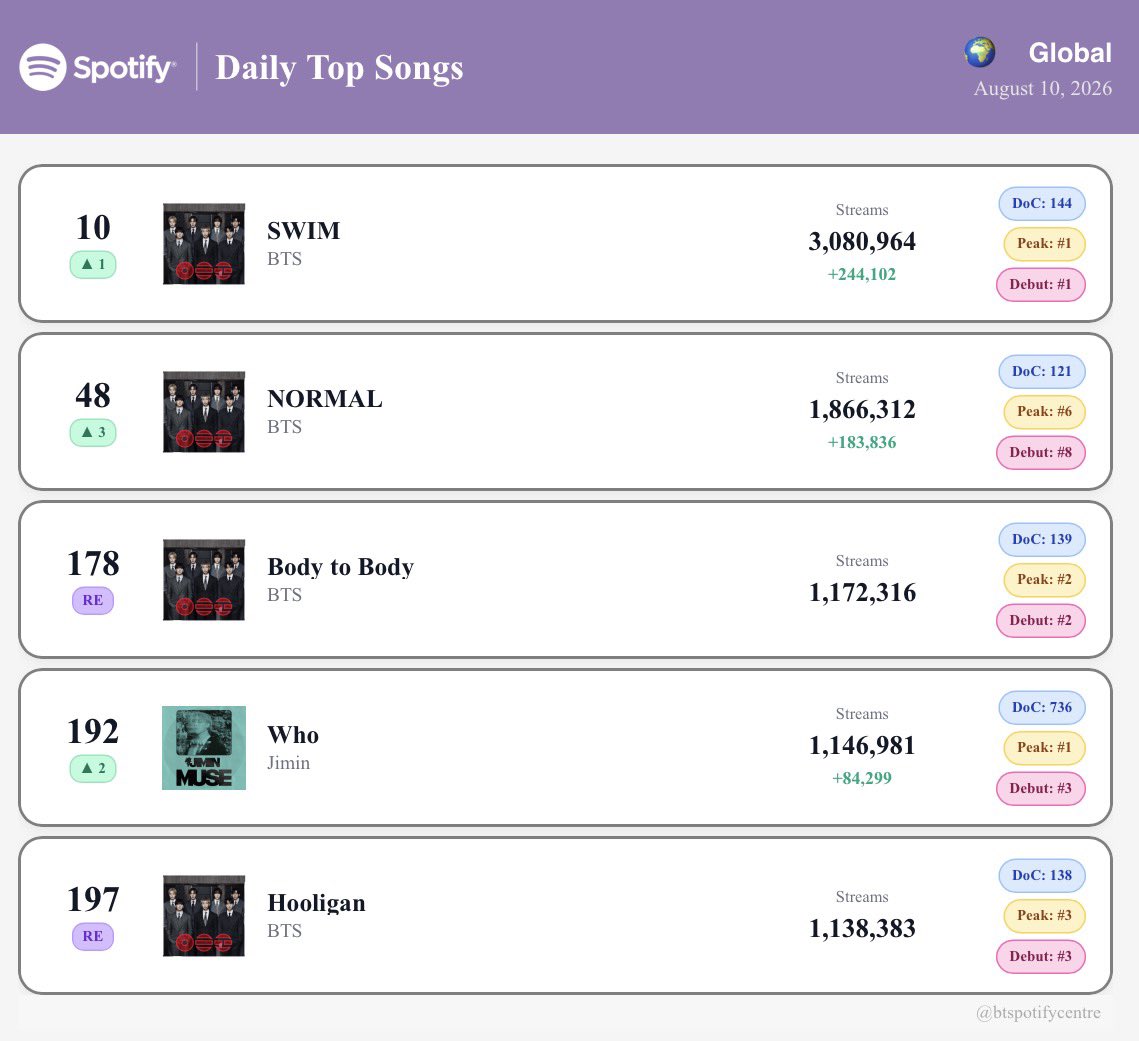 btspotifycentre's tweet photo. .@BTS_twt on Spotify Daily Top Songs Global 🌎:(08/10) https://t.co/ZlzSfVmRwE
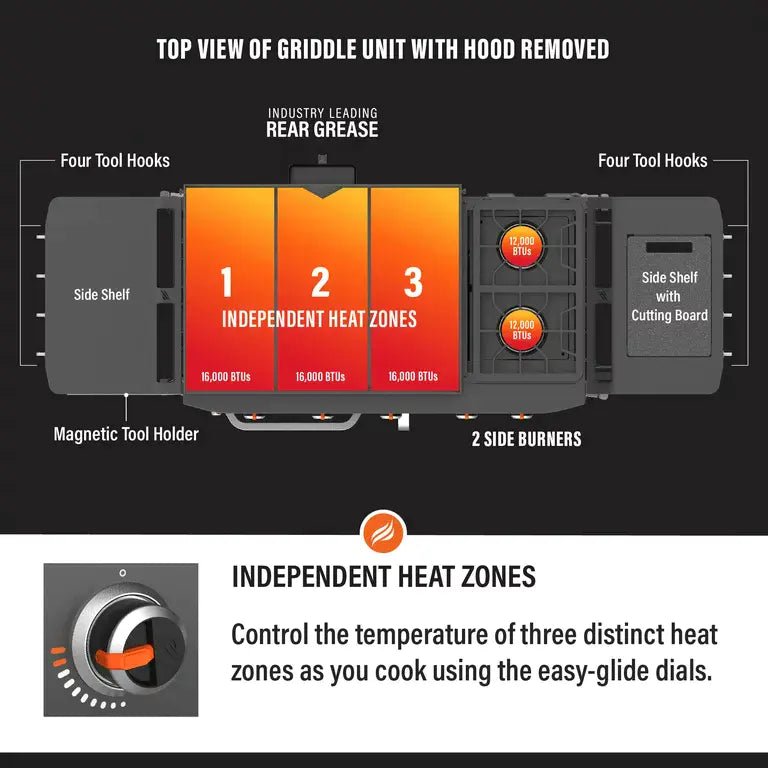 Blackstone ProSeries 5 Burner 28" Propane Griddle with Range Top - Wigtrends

##########

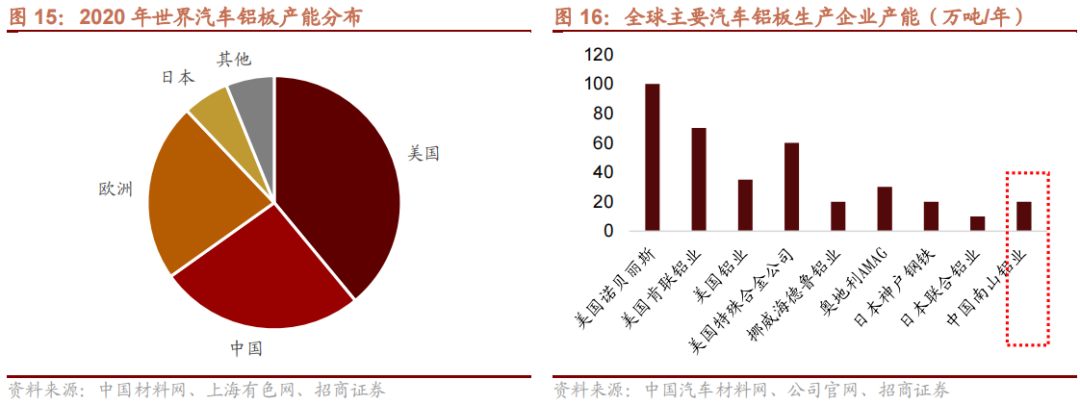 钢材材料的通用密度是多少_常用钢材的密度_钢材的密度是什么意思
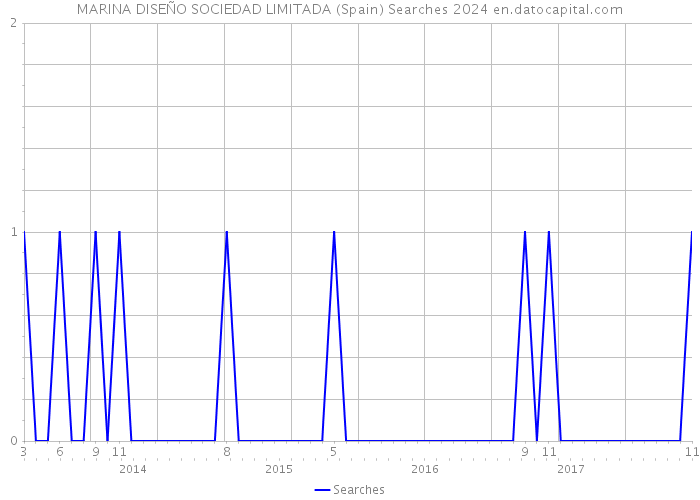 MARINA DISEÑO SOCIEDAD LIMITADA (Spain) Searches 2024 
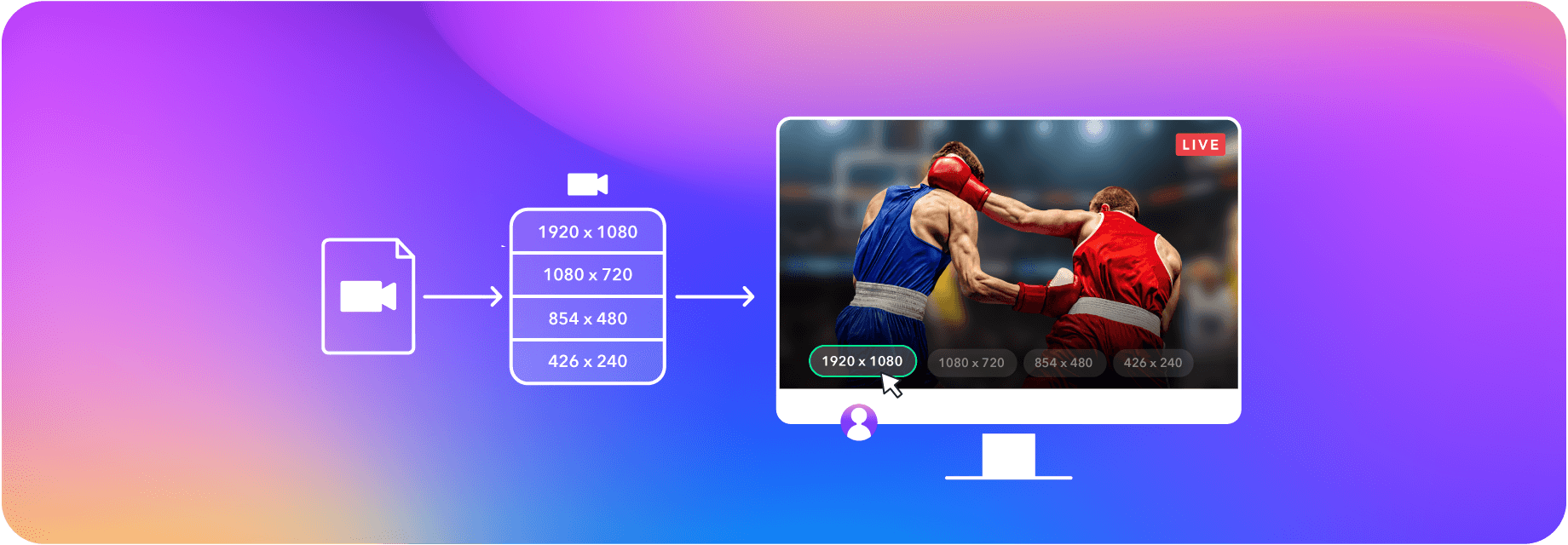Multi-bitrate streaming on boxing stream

##########

> [Exercise prompt]: Starting at the line above that contains "钢材材料的通用密度是多少_常用钢材的密度_钢材的密度是什么意思", transcribe every line exactly through the line that contains "Multi-bitrate streaming on boxing stream", including that last one, and skip the pictures.

> [Written answer]:
 钢材材料的通用密度是多少_常用钢材的密度_钢材的密度是什么意思
 MARINA DISEÑO SOCIEDAD LIMITADA (Spain) Searches 2024 
Multi-bitrate streaming on boxing stream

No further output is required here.